Aujourd’hui moins jeune, l’écrivain approfondit, semble-t-il, le travail sur soi et son passé. Je t’oublierai tous les jours est un long récit adressé à la mère, morte depuis plus de quinze ans. De sa plume, l’auteur rattrape le temps perdu et raconte à la mamma grecque leur vie ensemble et la sienne depuis qu’elle est partie. D’où un récit/mémoires où la mère, finalement, s’efface pour que le fils, vivant, se mette en scène, avec son époque. Ces mémoires sont aussi des chroniques du temps présent, quand la plume se fait entropique et décrit, un peu amère, le temps des Jeux Olympiques sous ultra-surveillance policière et Athènes travestie en vitrine du monde occidental, temps du téléphone portable où la communication outrancière tue la communication, du terrorisme international, etc.
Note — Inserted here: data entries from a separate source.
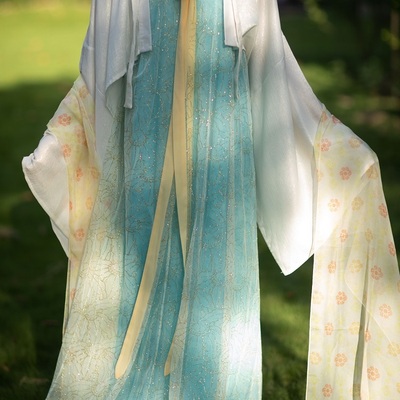 青泠谷原创汉服菩提印金网纱罩裙齐胸八破裙套装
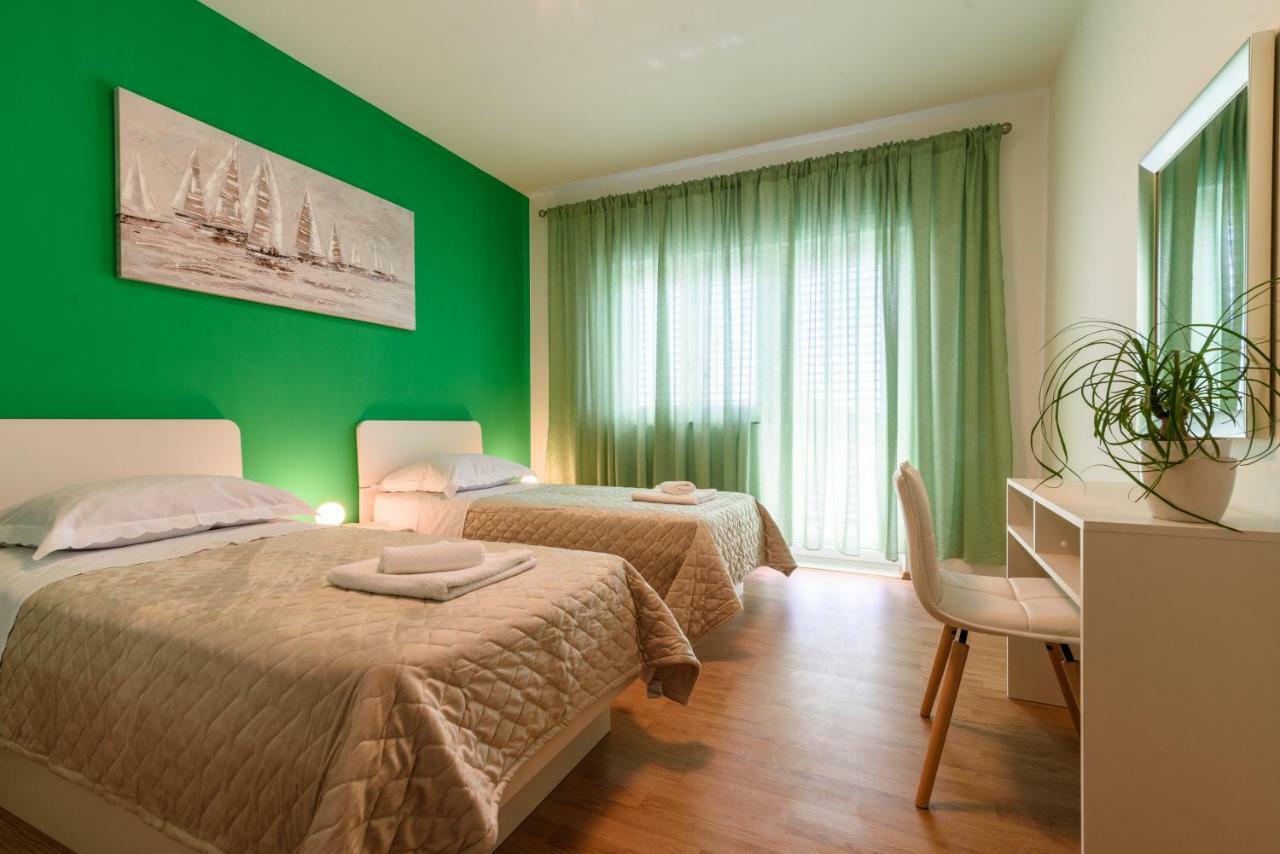 Accommodation Mamut Traù Esterno foto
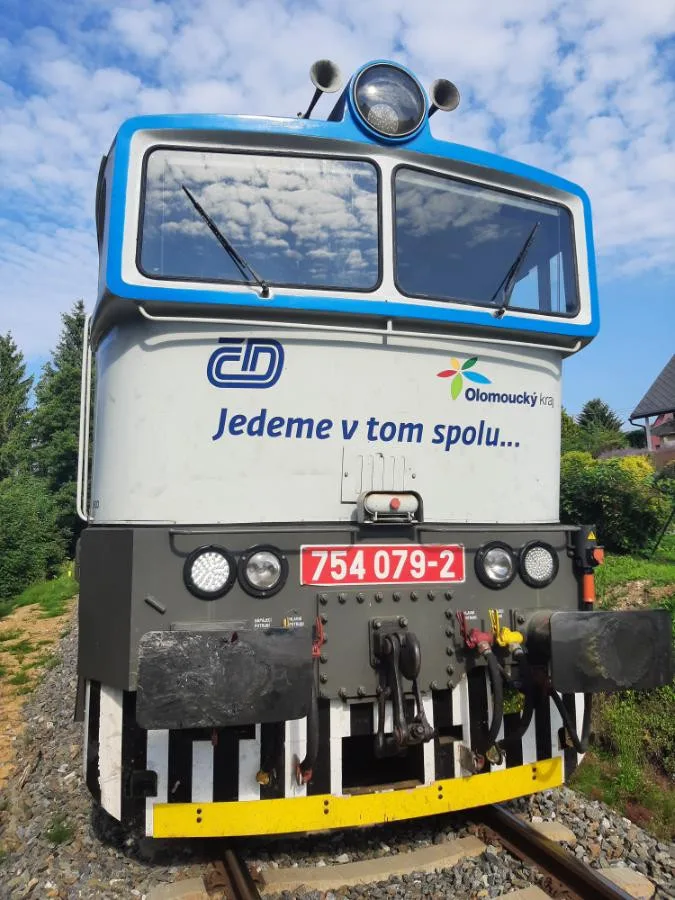Řidička na Jesenicku přehlédla osobní vlak. Vyvázla v šoku, se zničeným autem, ale bez zranění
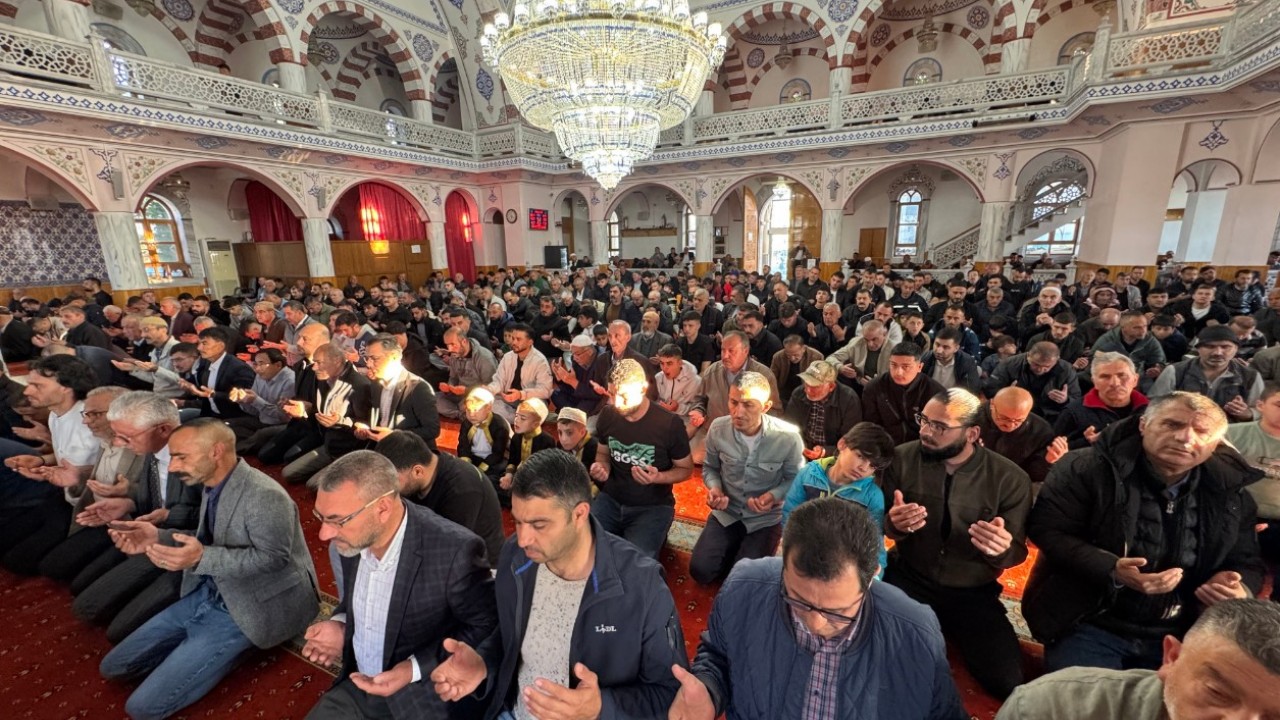 Kulu'da bayram namazında camiler doldu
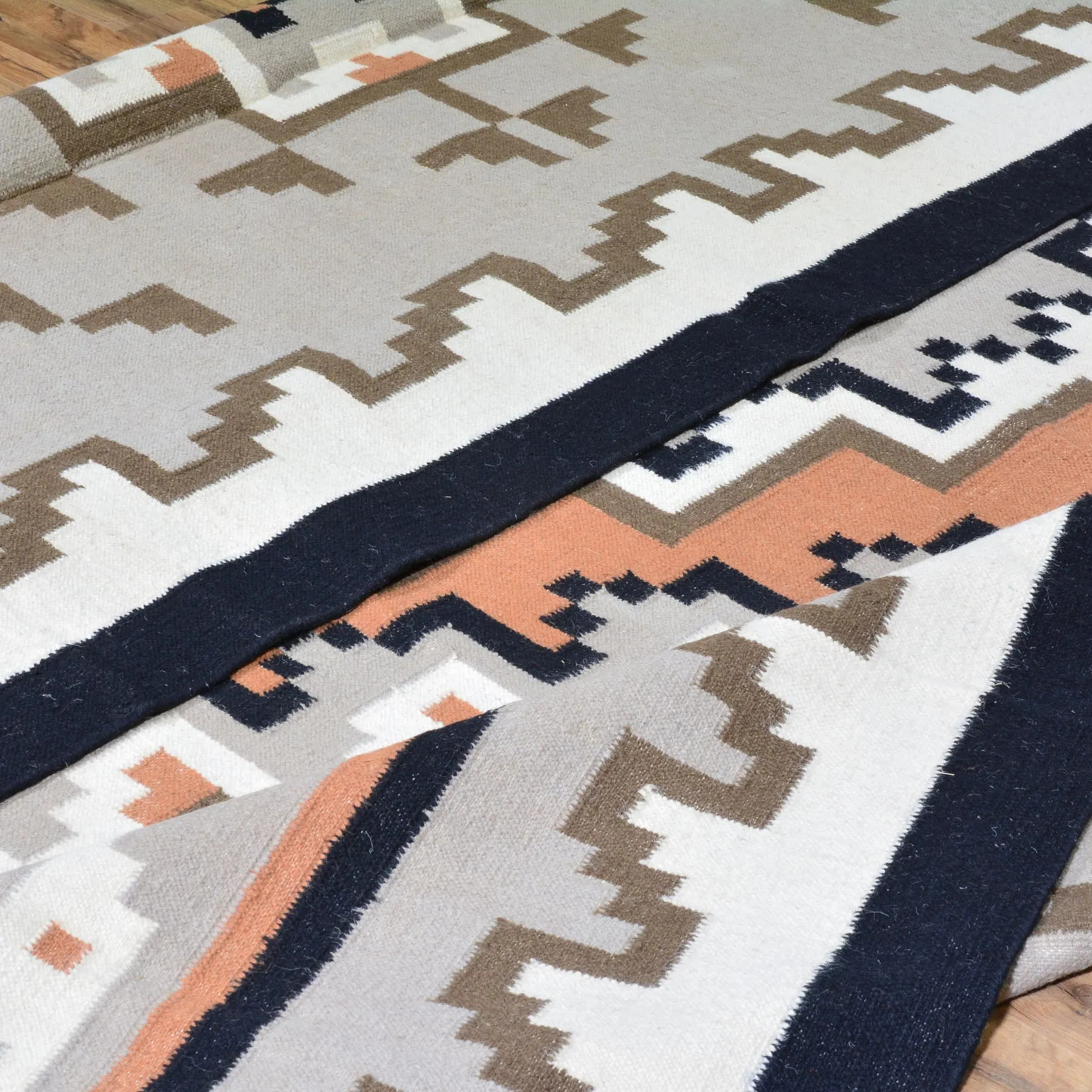 Hand-Woven Southwestern Style Navajo Design Rug (Size 9.9 X 14.2) Cwral-7629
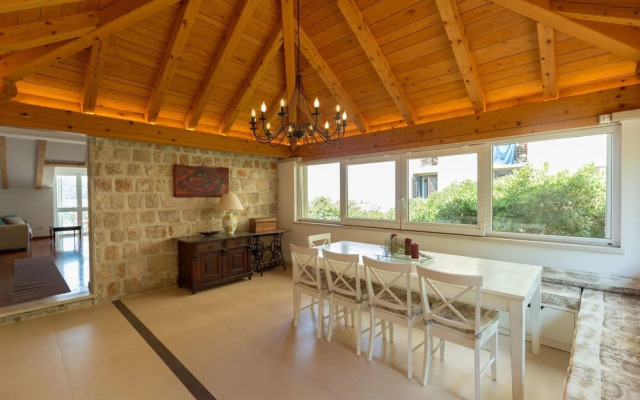 Hedera Estate Hedera A16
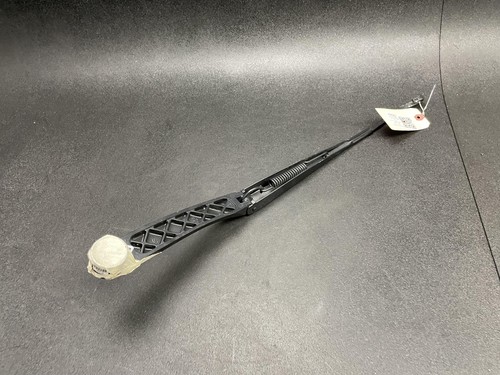 Front Left Windshield Wiper Arm 2019 Kia Soul 98301-B2000 2014 2015 2016 - 2018 - Picture 9 of 10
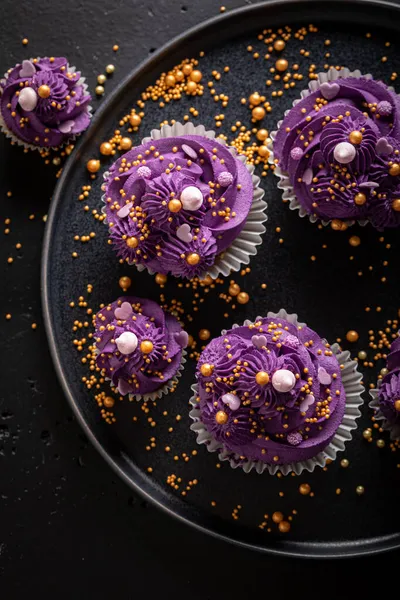 Homemade Cupcakes Violet Cream Ready Eat Magnificent Purple Dessert Golden — Stock Photo, Image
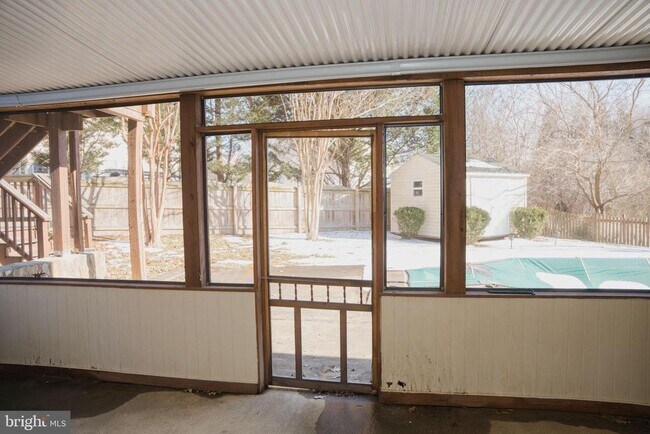 Building Photo - 6902 Tower of London Dr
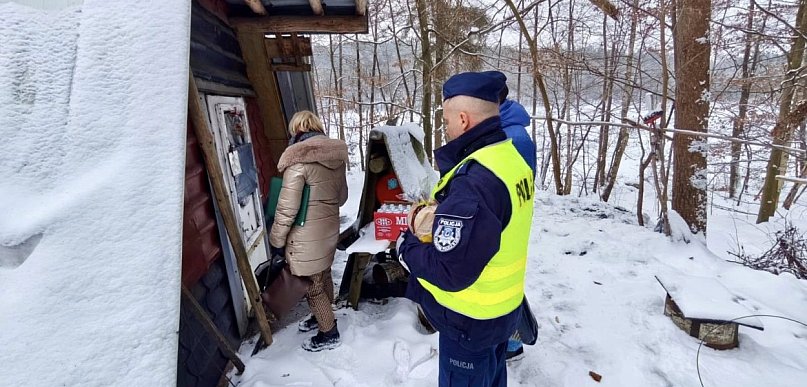 Mróz i zima nie odpuszczają. Dzielnicowi z Sierakowic znów ruszyli z pomocą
Ces pages-là convainquent moins que l'évocation du lien maternel, hélas trop souvent chuchotée.

En fait, le récit ne tient pas les promesses des premières pages. Celles-ci, originales et touchantes, installent la relation entre les deux personnages ; la mère s’y dessine tout comme l’amour que lui porte son fils. La suite, l’évocation de l’adolescence estudiantine en France, les allers-retours entre la Grèce et Paris, creuse la distance entre les deux êtres : «le fossé linguistique qui nous sépare». De sorte que, c’est bien tous les jours, comme l’annonce le titre, que cette mère est oubliée. L’oubli prend le dessus et ce roman en apporte la preuve, illustrant toute l’ambivalence identitaire de ce fils de Grèce socialisé en France.